Photo by Deva Darshan on Unsplash
Marcus Hughes, Associate Member, University of Cincinnati Law Review
I. INTRODUCTION
The Supreme Court of Ohio recently heard arguments in a case that asks whether a municipal tax on rental vehicles is preempted by a state law that imposes a license fee on all motor vehicles used on public roadways. The defendant has invoked the doctrines of implied and express preemption. This article explores the defendant’s arguments. Section A of Part II discusses provisions of the Ohio Constitution authorizing and limiting the imposition of taxes by municipal governments. Sections B and C of Part II review Ohio’s jurisprudence on the doctrines of implied and express preemption respectively. Part III surveys the lower-court decisions in State /Village of Put-in-Bay v. Mathys. This exploration seeks to understand how the Court might resolve this issue.
II. BACKGROUND
A. The Home Rule Amendment
The Home Rule Amendment authorizes municipalities to “exercise all powers of local self-government.”[1] This broad grant of authority to exercise all powers of local government includes the power of taxation.[2] However, the Ohio Constitution also requires the General Assembly to “restrict [a municipal’s] power of taxation…so as to prevent the abuse of such power.”[3] The General Assembly is also empowered to pass laws that “limit the power of municipalities to levy taxes and incur debts for local purposes.”[4] The tension between the Home Rule Amendment and the General Assembly’s power to limit municipal taxing authority is central to the dispute in Mathys.
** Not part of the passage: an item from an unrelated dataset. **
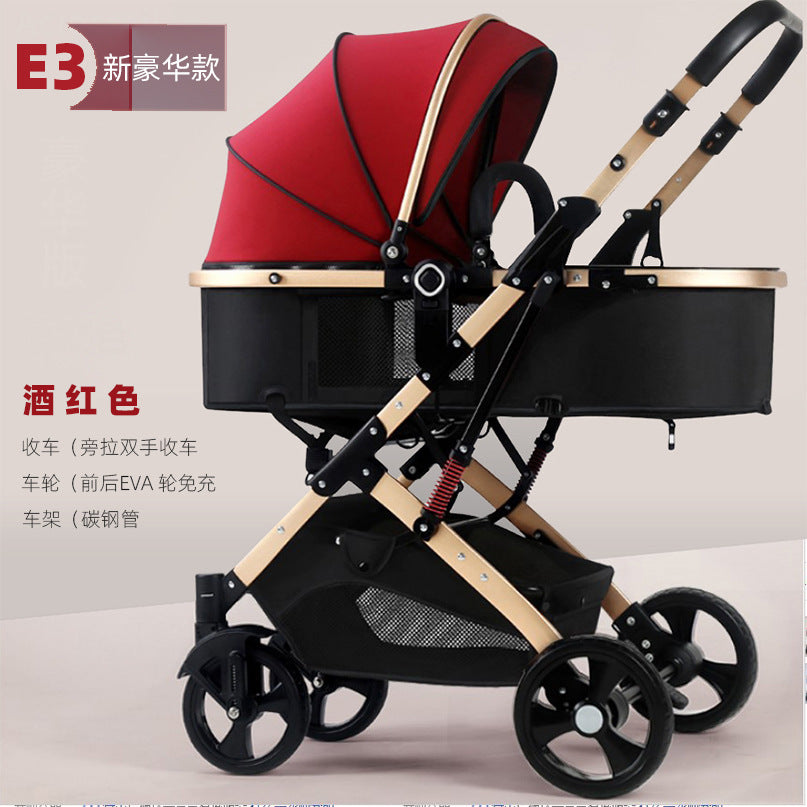 Newborn baby sleeping blue reversible, sit or lie down, high view baby stroller, foldable shock absorber stroller, two-way baby stroller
The issue is whether municipal taxes can be preempted only directly by an act of the state legislature under the doctrine of express preemption or also by application of the doctrine of implied preemption.
B. Implied Preemption
The doctrine of implied preemption is set forth in Firestone v. Cambridge.[5] In Firestone, an action was brought to enjoin the enforcement of a city ordinance that required drivers to obtain a license before using city streets.[6] The fee[7] was equal to 25 percent of the amount paid to the state of Ohio and licenses had to be renewed annually.[8] Moneys paid into the treasury were first applied to the expense of issuing licenses and furnishing tickets or checks.[9] Remaining amounts were used for cleaning, and maintaining the city’s streets and avenues.[10]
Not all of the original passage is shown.